In 2009, Zerzara residents protested because of their lamentable housing conditions. The governorate responded with the promise to build 9,000 housing units for Port Said's slum residents, of which 3,000 should be allocated to families of Zerzara.
According to Khaled Mahmoud Abbas from the Ministry of Housing, six months ago the governorate started the construction of low income housing units.
“This week, the governorate will announce in the Port Said Stadium which families will receive an apartment, which apartment they will get and when they can move in,” he told Daily News Egypt.
“This project is part of the National Housing Program aimed at creating 500, 000 low income housing units in six years. The program will end October 2011,” Abbas explains.
In 2007, according to the Ministry of State for Local Development, 12 million people lived in 870 informal settlements in Egypt – informal statistics estimate that there are around 16 million.
In October 2008, the Informal Settlement Development Fund (ISDF) was created to develop strategies in order to deal with the slum phenomenon in Egypt.
Until now, the ISDF identified 440 risk areas – Zerzara was classified as a second degree unsafe area – and started 30 pilot projects. “The aim is basically to remove the slums and to resettle the residents to more adequate housing units,” Abbas said.
El-Tibe sees two problems in the ISDF's strategy: “The ISDF declared clearly that it will not engage in a consultation process with the civil society, NGOs and the local powers. But without consultation, they will not go in the right direction.”

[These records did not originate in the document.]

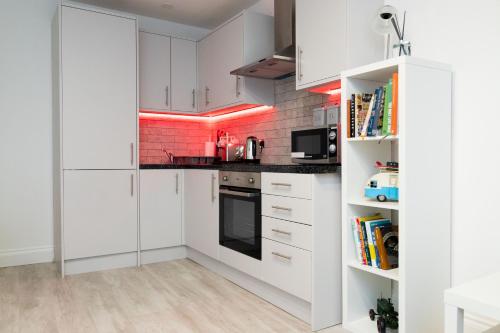 a kitchen with white cabinets and a red brick wall at The Avenue Apartments in Leeds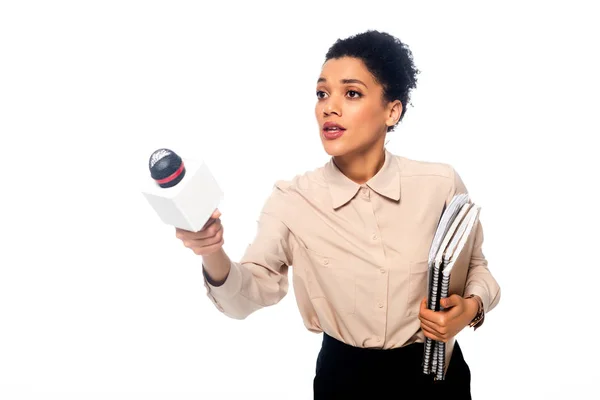 Worried African American Journalist Notebooks Microphone Outstretched Hand Isolated White — Stock Photo, Image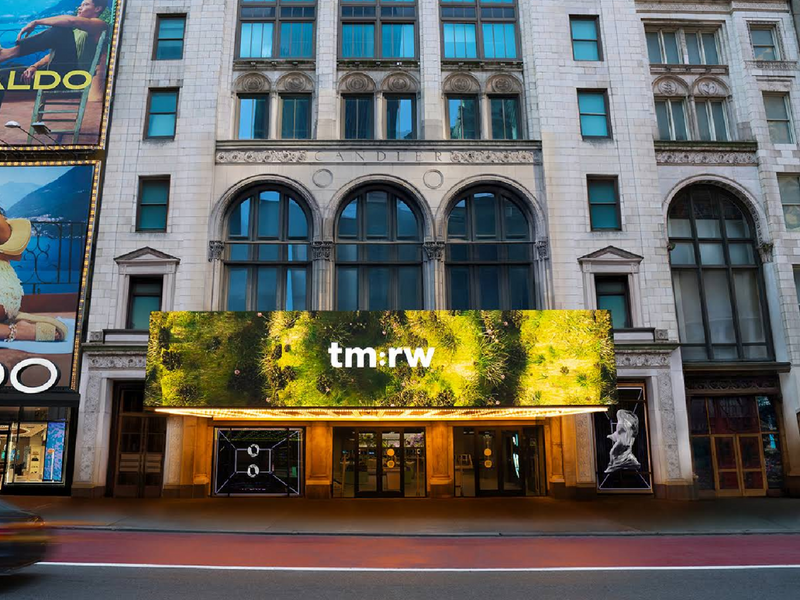 City building with tm:rw billboard, representing wellness for tomorrow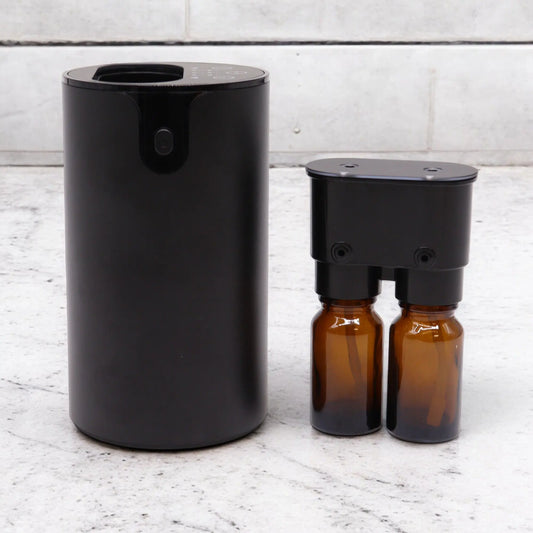 Difusor negro Ancient Wisdom de diseño cilíndrico con dos botes de vidrio ámbar para aceites esenciales.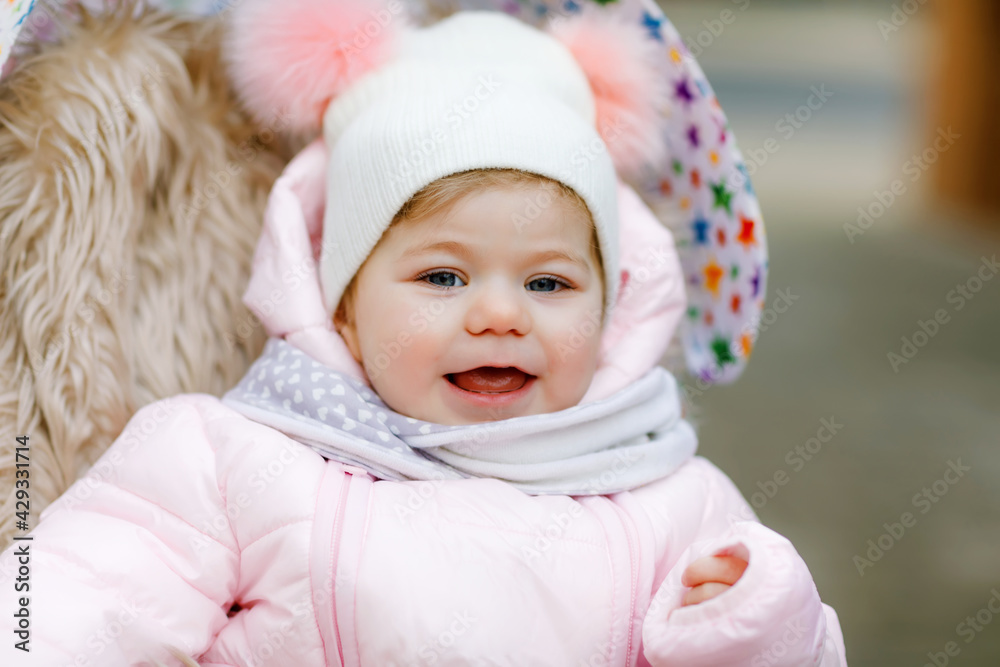 Cute little beautiful baby girl sitting in the pram or stroller on cold autumn, winter or spring day. Happy smiling child in warm clothes, fashion stylish baby coat and hat. Snow falling down Cute little beautiful baby girl sitting in the pram or stroller on cold autumn, winter or spring day. Happy smiling child in warm clothes, fashion stylish baby coat and hat. Snow falling down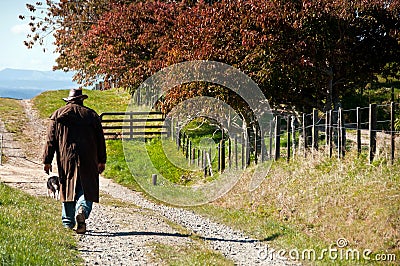 Farmer walking on his farm Stock Photo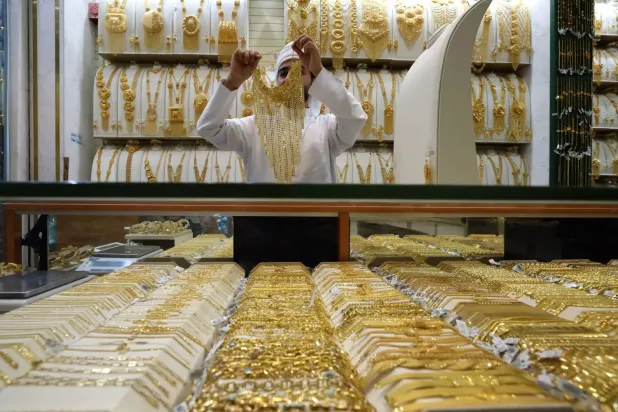 Dubai'deki Altın Çarşısı'nda bulunan bir kuyumcu dükkanında müşteriye altın bir parça gösteriliyor. (EPA)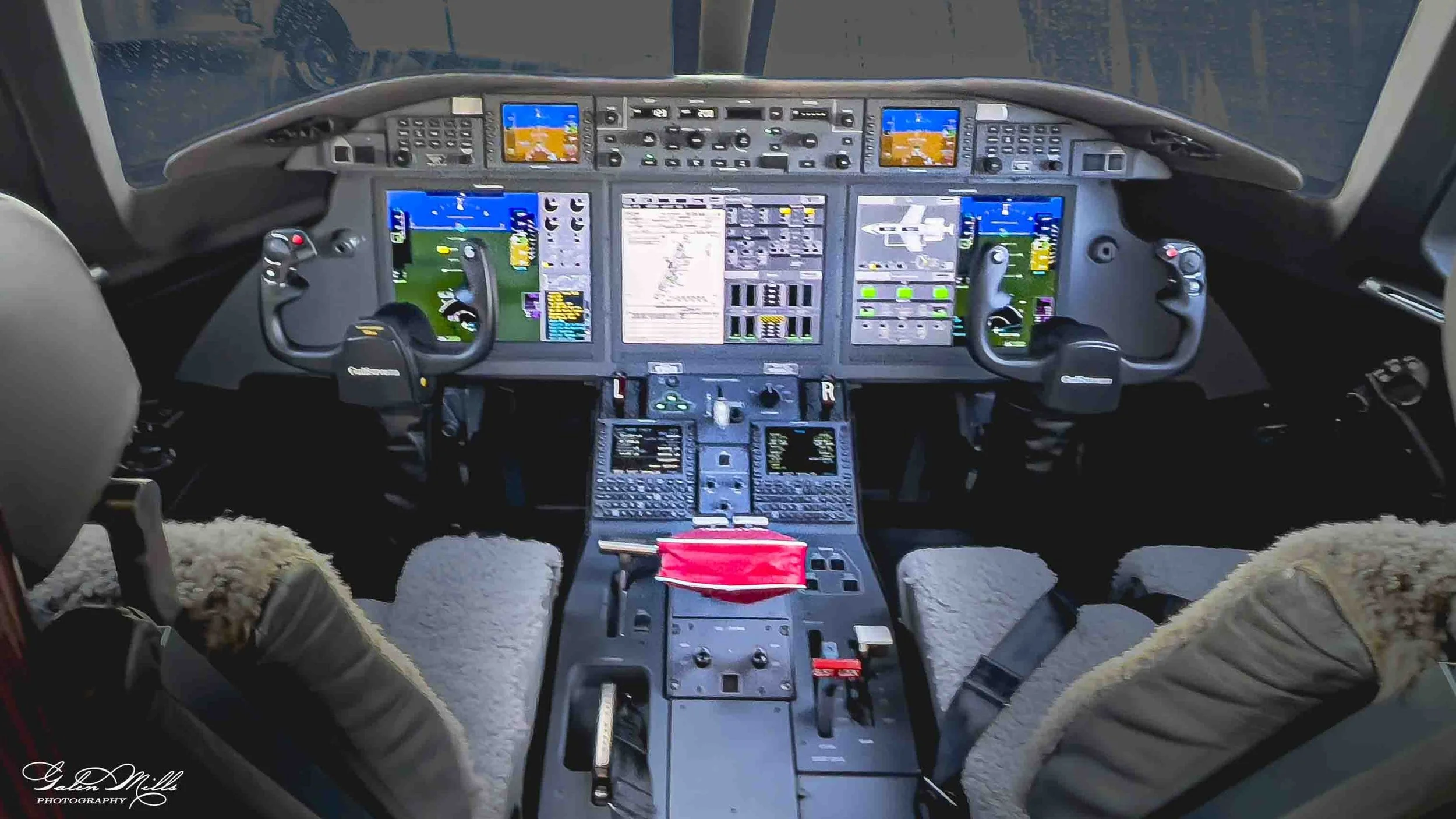 View of an airplane cockpit with multiple digital screens, controls, and two pilots wearing shearling-lined jackets, seated in front of the controls.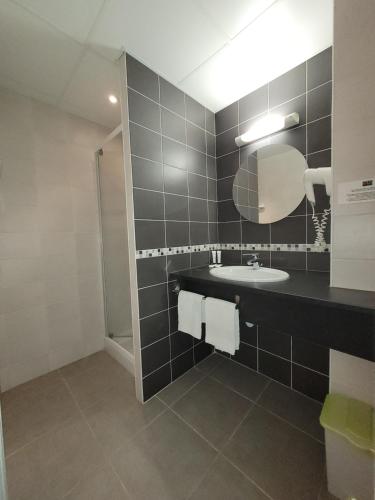 a bathroom with a sink and a mirror at La Croix Blanche in Beaurepaire-en-Bresse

“Also, they don't have the financing – there are 440 risk areas and they have only LE 500 million per year.”
“They can finance it only if they remove the informal settlements that are on profitable land and sell the land. But I fear that they there will be a prioritization of risk areas, favoring the ones that are on profitable land. Even worse, they could declare areas as risk areas even if they are not, only because they want to sell the land.”
In Egypt, offer and demand in the housing sector are diverging. “The government invests in more luxurious housing and considers that ‘low income families' can afford paying LE 600 per month for housing alone. This does not correspond to reality,” El-Tibe said.
This leads to a notable number of empty housing units. “In 2006, the national census showed that 5.8 million housing units have never been rented or sold,” El-Tibe told Daily News Egypt.
“The government cannot build houses for everybody; there is no budget for it. But instead of destroying the informal settlements, why not let the people build their own houses and provide them with the facilities?” she said.